(Bloomberg)—Target Corp. CEO Brian Cornell got no bonus and saw his pay cut by one-third after a year marred by disappointing sales, customer defections and executive departures.
Cornell’s compensation declined 33% last year to $11.3 million, most of which came from stock awards valued at $9.65 million, according to a proxy statement filed Monday. The company, No. 20 in the newly released Internet Retailer 2017 Top 1000, said management fell “well short” of sales and profit targets.
Cornell has grappled with the aftermath of a poor holiday season, when customers increasingly chose to shop at rivals like Wal-Mart Stores Inc. (No. 3 in the Top 100) or online through Amazon.com Inc. (No. 1). Target’s heads of marketing, digital, grocery and innovation have all left during the past year. To cope with the slowdown, Cornell is reducing prices, refurbishing stores and introducing new brands in areas like apparel. The plan hasn’t appeased investors, who have pushed the shares down 23 percent this year.
While Cornell’s pay declined in each of the past two years, rival Wal-Mart CEO Doug McMillon earned $22.4 million in 2016, up 13% from the previous year. Wal-Mart has posted 10 consecutive quarters of positive U.S. same-store sales.
Cornell’s performance-based equity awards pay out over three years and are based on hitting stock price targets and other financial goals.

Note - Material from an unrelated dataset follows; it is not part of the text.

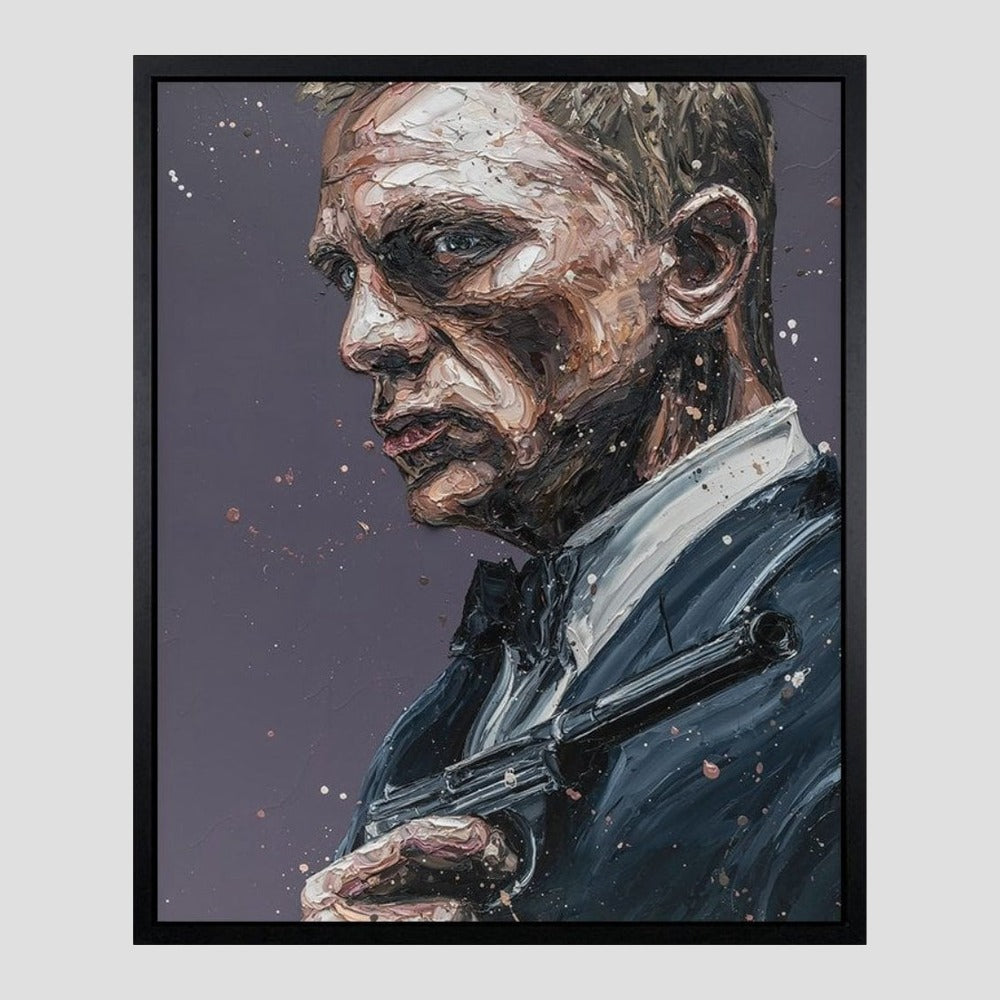 Daniel Craig - 007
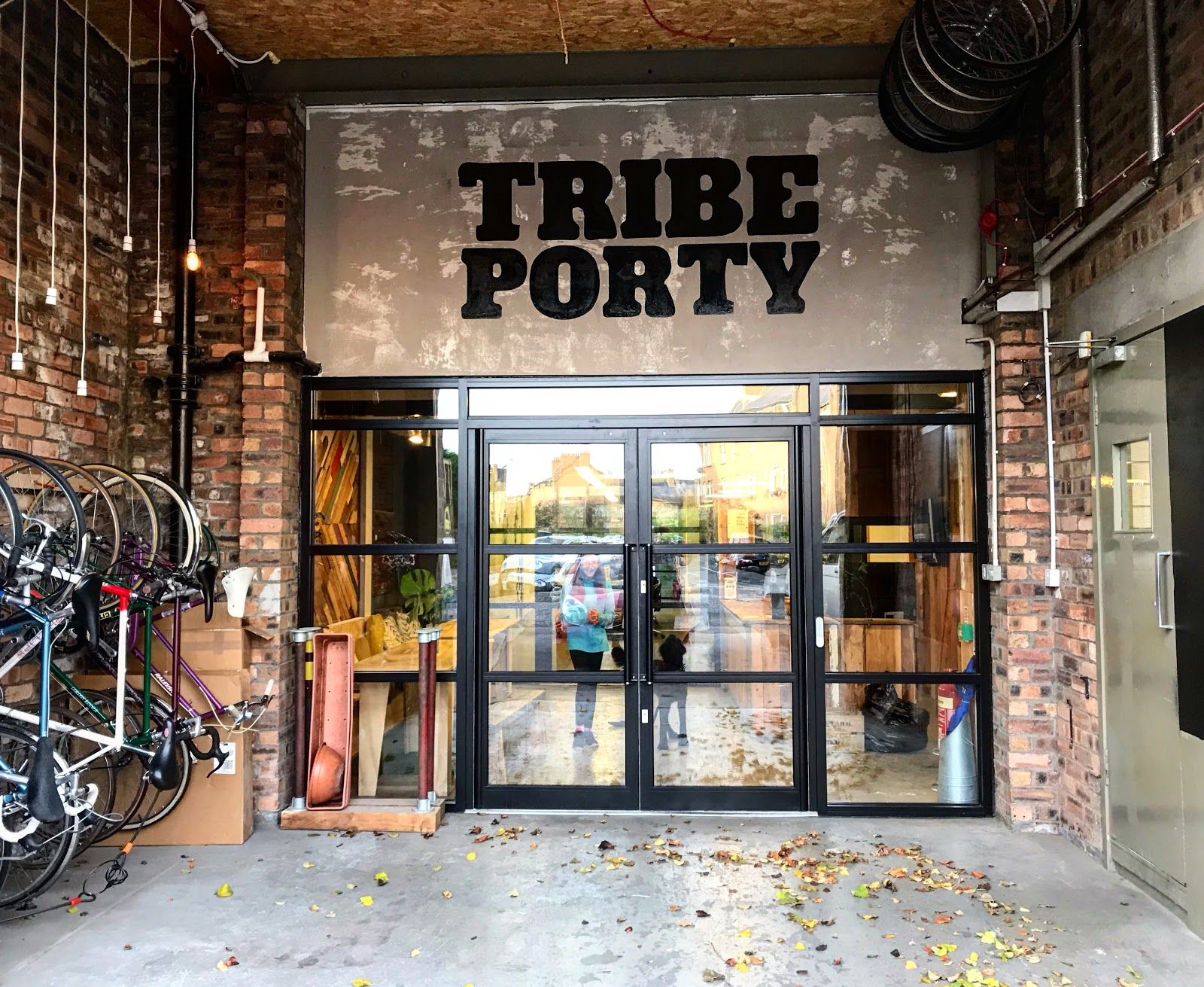 Tribe Porty 3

Chief financial officer Cathy Smith and operations chief John Mulligan did receive cash bonuses because they were based on a broader set of measures, including website performance and growth in key categories like baby and wellness. Mark Tritton, the Minneapolis-based company’s new head of merchandising, received $5.2 million in total compensation, including a $500,000 sign-on bonus.